Watch our video on human trafficking situation in Việt Nam

Blue Dragon Children’s Foundation finds children and young people in crisis situations such as slavery, homelessness, and extreme poverty.

As well as rescuing the youngsters, they also work with them long-term to overcome their trauma and try and lead a better life.

Blue Dragon’s Caitlin Wyndham, who also wrote the report, added: “The traffickers are really just as desperate as their victims.

“They generally have poor educational background and maybe don’t really understand that selling someone else is illegal.

“They may think they are helping someone to find a legitimate job in China, and the average amount that a trafficker was paid is around US$1,500.”

In many cases, the report found that the traffickers were from the same villages as the people they were trafficking.

And in some instances, they not only knew their victims but were related to them.

The study found that 33.67 per cent of traffickers met their victims using their smartphones or through social media. The same percentage of victims were enticed with false promises of a better life by either a friend, classmate, neighbour or even their boyfriends.

Twenty per cent of traffickers were from the same location as their victims, and a little over 5 per cent were trafficked by their own family members.

Lương said: “There have been many misunderstandings about human trafficking. In Việt Nam, it is very common for parents to tell their children not to follow strangers or accept things from strangers because they will be drugged, kidnapped, and taken to China. So is this correct? Through this report, we see that this is absolutely not the case.

“There have been no recorded cases of victims being drugged. In most cases, traffickers and victims know each other, either living in the same village, commune or hamlet, or even are friends and lovers.”

The study discovered that the majority of victims (71 per cent) were forced into marriage or domestic servitude while others were made to work in the sex industry (24 per cent).

Caitlin added: “It is really clear that improving economic opportunities and access to services will target both sides of the trafficking equation.

“It will help victims be less vulnerable and not have to leave their homes for work. It will also mean if traffickers have other economic opportunities maybe they won’t sell their neighbours.”

The report found that a very high number of ethnic minority girls were targeted by traffickers, with many lulled into a false sense of security believing they were starting a relationship with an ‘online boyfriend’. 

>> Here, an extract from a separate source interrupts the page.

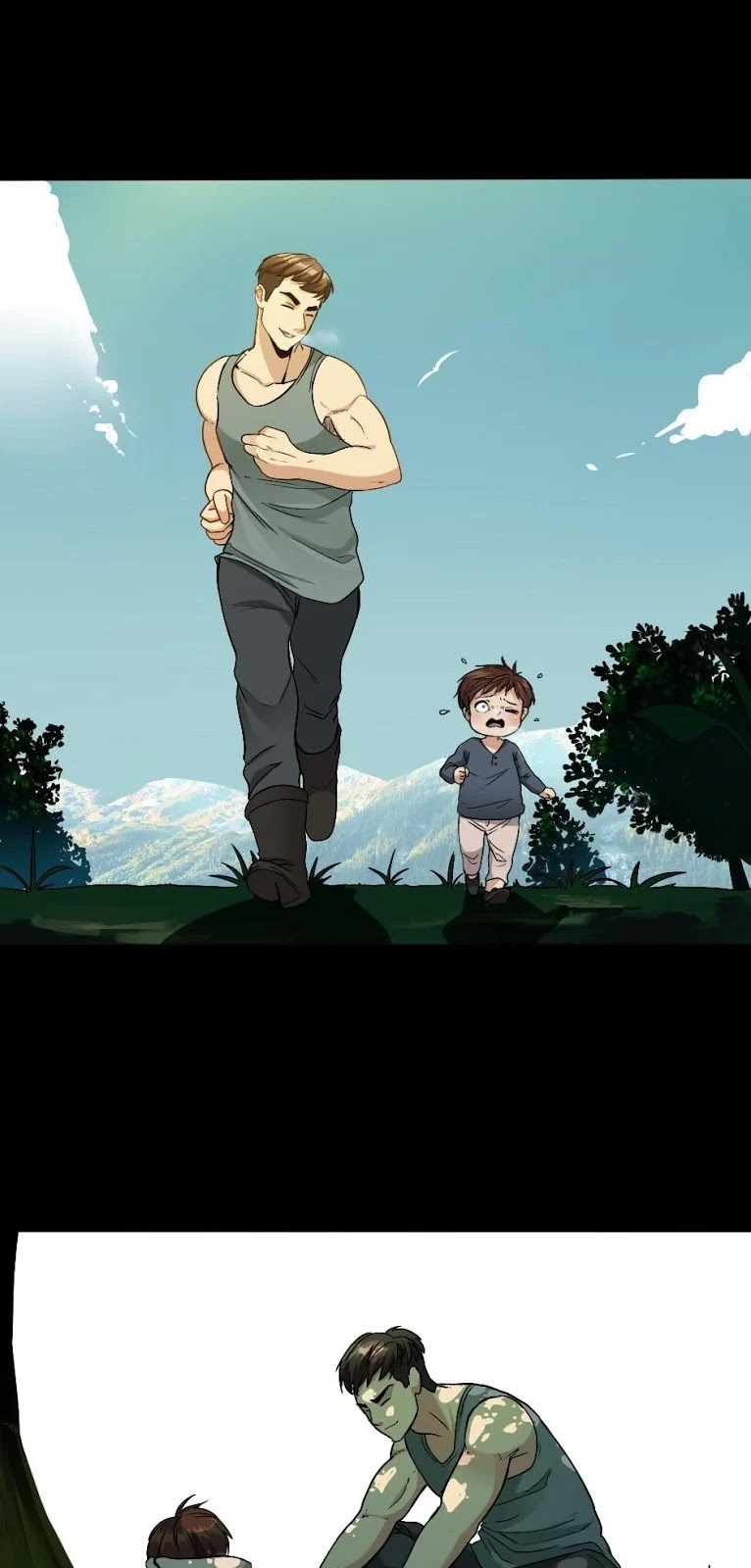 The Beginning After the End (The King Grey Reincarnation) Chapter 05 Gambar 29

To combat this, the study suggested the greater need not only for online safety, but also for education to prevent early marriage among this demographic.

It also concluded the importance of teaching correct skills so people can critically examine potential job offers and online relationships to reduce the risk of exploitation.

“We know a lot about victims, but we don’t know so much about the traffickers,” Caitlin said.

“In order to effectively prevent trafficking, we knew we needed to know more about the traffickers and the trafficking crime so we could do better prevention efforts.  

“This report is really valuable for us because it means we can really target our prevention activities. The best way to stop trafficking is to prevent it from happening in the first place.

“We would love to be in a position where we don’t have to rescue any victims at all, because there are no victims.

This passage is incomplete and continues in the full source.